- Active: 1968–1976
- Country: Mexico
- Allegiance: Mexican government
- Type: Parapolice
- Role: Utilized to fire on students and soldiers to sow confusion during the events of October 2, 1968 Used to massacre student demonstrators during El Halconazo
- Size: 1,500–2,000 members

= Batallón Olimpia =

Mexican paramilitary group involved in suppressing the 1968 Student Movement

The Batallón Olimpia was a counterinsurgent paramilitary group created by the Mexican government to surveil, spy on, pursue, sabotage, execute, murder, and disappear members of the Mexican Movement of 1968 and to infiltrate the movement itself.

== Background ==
The battalion was under the command of general Luis Gutiérrez Oropeza and consisted of elements from the Estado Mayor Presidencial and Dirección Federal de Seguridad, the Policía Judicial Federal (Federal Judicial Police), the Policía Judicial del Distrito Federal (Mexico City Federal Judicial Police), and the Inspección Fiscal Federal (Federal Tax Inspection). It is estimated to have had around 1,500 to 2,000 members.

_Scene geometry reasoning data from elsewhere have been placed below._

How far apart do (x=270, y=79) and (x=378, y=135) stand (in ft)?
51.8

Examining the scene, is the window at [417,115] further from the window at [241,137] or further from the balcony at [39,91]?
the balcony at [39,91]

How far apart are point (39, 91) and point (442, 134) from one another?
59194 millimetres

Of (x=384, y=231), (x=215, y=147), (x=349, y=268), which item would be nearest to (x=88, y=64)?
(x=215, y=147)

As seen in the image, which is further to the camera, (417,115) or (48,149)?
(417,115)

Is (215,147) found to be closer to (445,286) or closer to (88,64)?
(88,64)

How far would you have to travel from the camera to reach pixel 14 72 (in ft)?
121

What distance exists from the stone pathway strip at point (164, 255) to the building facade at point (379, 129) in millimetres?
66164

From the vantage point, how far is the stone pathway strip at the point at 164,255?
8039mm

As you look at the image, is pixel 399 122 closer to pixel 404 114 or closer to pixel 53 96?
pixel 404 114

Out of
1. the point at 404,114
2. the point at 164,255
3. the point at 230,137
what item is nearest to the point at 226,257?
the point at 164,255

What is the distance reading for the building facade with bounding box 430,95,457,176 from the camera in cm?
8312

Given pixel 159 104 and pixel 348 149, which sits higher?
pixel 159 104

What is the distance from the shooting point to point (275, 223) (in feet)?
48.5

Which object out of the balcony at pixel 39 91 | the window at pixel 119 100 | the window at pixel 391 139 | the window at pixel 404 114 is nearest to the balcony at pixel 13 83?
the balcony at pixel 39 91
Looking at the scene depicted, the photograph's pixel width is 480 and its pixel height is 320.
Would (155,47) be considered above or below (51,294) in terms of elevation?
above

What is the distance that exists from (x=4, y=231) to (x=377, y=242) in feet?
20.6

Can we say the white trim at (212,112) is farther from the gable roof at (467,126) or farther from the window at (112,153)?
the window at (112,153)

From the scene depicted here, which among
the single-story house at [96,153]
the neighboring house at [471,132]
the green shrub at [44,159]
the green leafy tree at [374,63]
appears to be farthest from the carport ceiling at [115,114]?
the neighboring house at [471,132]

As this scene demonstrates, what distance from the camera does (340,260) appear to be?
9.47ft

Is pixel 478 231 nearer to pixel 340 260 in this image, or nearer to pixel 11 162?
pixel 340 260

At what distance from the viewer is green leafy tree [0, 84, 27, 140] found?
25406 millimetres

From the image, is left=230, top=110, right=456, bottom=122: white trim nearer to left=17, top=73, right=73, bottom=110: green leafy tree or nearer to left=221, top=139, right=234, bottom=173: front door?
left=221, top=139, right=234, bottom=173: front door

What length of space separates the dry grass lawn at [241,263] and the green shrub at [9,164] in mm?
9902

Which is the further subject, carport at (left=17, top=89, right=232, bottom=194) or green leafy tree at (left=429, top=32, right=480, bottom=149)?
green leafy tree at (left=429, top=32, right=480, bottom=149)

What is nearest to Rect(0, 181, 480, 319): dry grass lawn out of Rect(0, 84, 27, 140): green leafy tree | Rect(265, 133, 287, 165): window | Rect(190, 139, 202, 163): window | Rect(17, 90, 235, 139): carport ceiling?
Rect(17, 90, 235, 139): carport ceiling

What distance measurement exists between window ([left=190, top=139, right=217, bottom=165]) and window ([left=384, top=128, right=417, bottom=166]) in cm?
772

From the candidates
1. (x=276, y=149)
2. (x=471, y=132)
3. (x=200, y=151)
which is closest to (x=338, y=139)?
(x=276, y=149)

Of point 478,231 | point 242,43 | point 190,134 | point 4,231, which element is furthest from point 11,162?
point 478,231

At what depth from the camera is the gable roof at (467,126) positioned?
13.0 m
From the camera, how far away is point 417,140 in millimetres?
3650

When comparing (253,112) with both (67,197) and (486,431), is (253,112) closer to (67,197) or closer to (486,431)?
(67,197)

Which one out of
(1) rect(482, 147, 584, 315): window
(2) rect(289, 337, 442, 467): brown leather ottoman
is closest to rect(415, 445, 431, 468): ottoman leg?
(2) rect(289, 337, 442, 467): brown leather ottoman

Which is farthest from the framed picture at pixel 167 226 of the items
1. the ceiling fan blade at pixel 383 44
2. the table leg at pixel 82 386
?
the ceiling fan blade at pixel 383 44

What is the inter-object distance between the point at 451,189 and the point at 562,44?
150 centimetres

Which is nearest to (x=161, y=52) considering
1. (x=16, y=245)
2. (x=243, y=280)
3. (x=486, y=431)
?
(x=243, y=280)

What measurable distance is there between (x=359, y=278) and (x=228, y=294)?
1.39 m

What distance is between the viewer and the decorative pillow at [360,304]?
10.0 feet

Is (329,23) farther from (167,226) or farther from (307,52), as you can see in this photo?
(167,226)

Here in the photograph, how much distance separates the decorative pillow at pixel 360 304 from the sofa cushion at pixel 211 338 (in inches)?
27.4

The Batallón Olimpia took an active part in various moments of the 1968 Movement, including:
- The Occupation of the UNAM Ciudad Universitaria on September 18, 1968
- The occupation of Casco de Santo Tomás, an Instituto Politécnico Nacional campus, on September 23, 1968
- Operación Galeana on October 2, 1968, in the Plaza de las Tres Culturas in Tlatelolco, Mexico City

Because members of the battalion were undercover soldiers and police officers dressed in civilian clothes, they identified each other through white handkerchiefs or gloves. The battalion played an active part in these events, orchestrating a simulated confrontation near the armed student movement and the Mexican military. To that effect, the battalion had, in addition to its members mobilized throughout the plaza and neighboring buildings, snipers posted beginning the morning of October 2 in the plaza and the surrounding area. In addition to these armed actions, there is a record of the battalion allegedly performing illegal detentions, abuse, torture, and raids of people's homes.

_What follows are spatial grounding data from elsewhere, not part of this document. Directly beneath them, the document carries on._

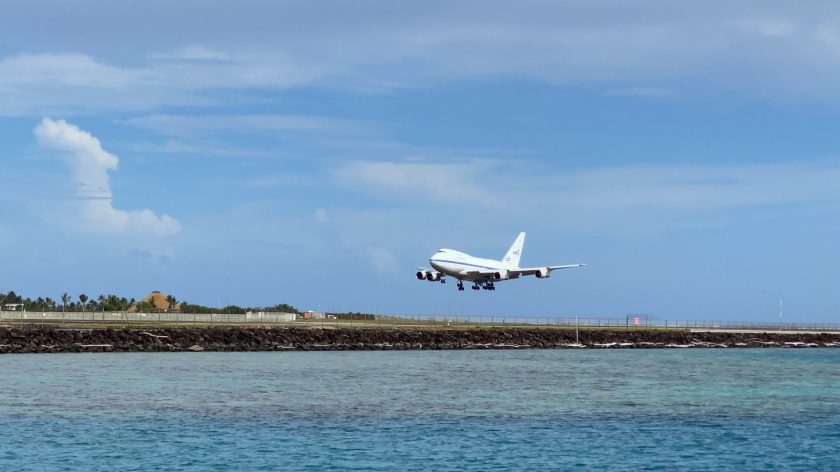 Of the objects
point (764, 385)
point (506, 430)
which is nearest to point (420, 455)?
point (506, 430)

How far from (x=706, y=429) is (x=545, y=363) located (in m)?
45.3

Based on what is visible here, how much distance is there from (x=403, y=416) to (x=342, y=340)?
59921mm

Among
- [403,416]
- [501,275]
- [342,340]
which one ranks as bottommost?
[403,416]

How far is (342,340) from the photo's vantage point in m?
107

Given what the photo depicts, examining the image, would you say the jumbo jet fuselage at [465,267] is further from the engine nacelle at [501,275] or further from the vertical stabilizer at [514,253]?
the vertical stabilizer at [514,253]

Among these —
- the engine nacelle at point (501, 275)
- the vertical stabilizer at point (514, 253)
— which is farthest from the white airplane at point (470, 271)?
the vertical stabilizer at point (514, 253)

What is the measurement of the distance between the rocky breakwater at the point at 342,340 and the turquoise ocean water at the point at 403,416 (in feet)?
33.9

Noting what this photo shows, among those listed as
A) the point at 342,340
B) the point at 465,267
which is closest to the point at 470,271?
the point at 465,267

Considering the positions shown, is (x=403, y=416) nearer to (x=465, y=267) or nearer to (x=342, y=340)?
(x=342, y=340)

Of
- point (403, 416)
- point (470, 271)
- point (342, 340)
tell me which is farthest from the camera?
point (470, 271)

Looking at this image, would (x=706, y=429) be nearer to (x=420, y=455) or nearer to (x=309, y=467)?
(x=420, y=455)

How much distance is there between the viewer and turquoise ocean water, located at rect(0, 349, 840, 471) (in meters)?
36.0

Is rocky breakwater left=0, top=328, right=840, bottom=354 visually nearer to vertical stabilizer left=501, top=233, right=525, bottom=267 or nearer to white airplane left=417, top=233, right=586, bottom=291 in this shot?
white airplane left=417, top=233, right=586, bottom=291

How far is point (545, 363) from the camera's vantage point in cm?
8956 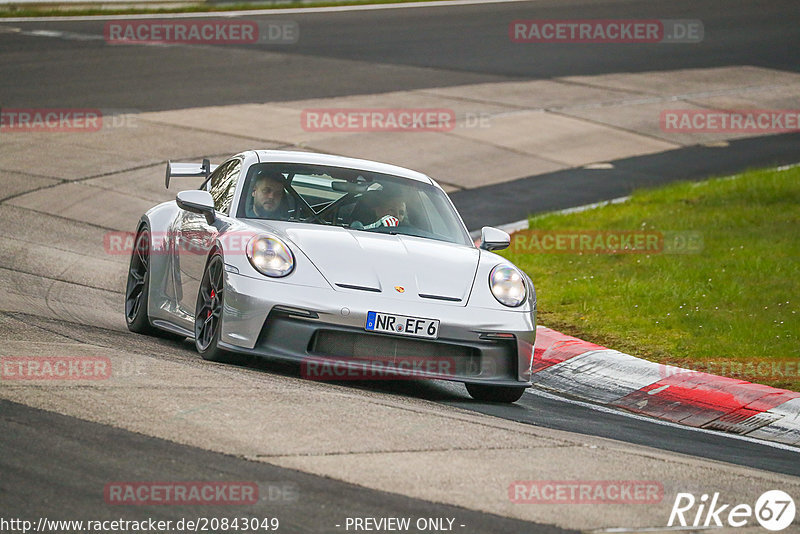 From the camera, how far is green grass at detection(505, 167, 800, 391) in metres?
8.82

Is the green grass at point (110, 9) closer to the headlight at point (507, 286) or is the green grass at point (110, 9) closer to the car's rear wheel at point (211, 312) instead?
the car's rear wheel at point (211, 312)

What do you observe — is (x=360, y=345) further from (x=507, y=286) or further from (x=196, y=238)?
(x=196, y=238)

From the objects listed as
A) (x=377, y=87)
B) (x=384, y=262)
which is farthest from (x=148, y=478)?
(x=377, y=87)

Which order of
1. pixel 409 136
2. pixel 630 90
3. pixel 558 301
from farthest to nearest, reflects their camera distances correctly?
pixel 630 90, pixel 409 136, pixel 558 301

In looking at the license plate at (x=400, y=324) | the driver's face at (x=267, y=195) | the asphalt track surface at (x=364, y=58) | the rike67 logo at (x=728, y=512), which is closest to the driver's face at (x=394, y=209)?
the driver's face at (x=267, y=195)

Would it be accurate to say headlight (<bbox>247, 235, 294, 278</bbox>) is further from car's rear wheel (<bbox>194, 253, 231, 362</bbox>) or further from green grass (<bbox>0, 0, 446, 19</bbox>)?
green grass (<bbox>0, 0, 446, 19</bbox>)

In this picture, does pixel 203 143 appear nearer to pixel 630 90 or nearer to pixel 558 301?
pixel 558 301

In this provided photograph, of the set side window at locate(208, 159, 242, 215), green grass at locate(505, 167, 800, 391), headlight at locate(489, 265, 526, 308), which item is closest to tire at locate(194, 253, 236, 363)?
side window at locate(208, 159, 242, 215)

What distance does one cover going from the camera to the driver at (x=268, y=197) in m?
7.84

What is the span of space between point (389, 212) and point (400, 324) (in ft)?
4.84

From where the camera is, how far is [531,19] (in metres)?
29.9

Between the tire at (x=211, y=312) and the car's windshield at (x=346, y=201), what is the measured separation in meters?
0.59

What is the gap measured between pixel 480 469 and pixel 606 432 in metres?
1.69

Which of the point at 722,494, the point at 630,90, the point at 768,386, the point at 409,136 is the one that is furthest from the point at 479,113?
the point at 722,494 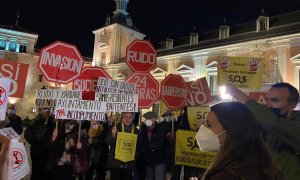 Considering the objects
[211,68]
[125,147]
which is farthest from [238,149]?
[211,68]

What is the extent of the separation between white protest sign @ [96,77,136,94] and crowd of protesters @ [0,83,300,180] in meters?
0.74

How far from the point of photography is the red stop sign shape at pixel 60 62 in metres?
7.13

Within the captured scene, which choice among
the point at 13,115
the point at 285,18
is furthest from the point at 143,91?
the point at 285,18

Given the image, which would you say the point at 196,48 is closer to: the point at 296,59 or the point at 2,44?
the point at 296,59

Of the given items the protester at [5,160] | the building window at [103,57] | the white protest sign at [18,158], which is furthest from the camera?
the building window at [103,57]

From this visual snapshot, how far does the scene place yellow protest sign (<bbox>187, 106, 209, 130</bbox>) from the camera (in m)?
7.59

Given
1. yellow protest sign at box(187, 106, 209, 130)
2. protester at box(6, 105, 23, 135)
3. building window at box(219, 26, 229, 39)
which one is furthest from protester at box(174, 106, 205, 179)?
building window at box(219, 26, 229, 39)

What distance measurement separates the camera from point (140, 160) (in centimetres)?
788

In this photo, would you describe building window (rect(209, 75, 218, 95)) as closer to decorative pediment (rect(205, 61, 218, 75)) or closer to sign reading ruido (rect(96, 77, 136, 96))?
decorative pediment (rect(205, 61, 218, 75))

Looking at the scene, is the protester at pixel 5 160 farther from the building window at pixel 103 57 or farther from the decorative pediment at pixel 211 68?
the building window at pixel 103 57

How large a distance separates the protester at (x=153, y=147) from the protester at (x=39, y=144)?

The night of October 2, 1968, the Batallón Olimpia had orders to fire on both the students and the soldiers to confuse the situation and make the army fire on the students. They infiltrated the protest until it arrived on the third floor of the Chihuahua building. The army arrested some of the battalion's members who were later freed on presidential orders. The order to fire against the army and the protesters came from Secretary of the Interior Luis Echevarría Álvarez. Responsibility for this event is divided between Luis Gutiérrez Oropeza and President Gustavo Díaz Ordaz, but the person who was truly responsible was Luis Echevarría Álvarez.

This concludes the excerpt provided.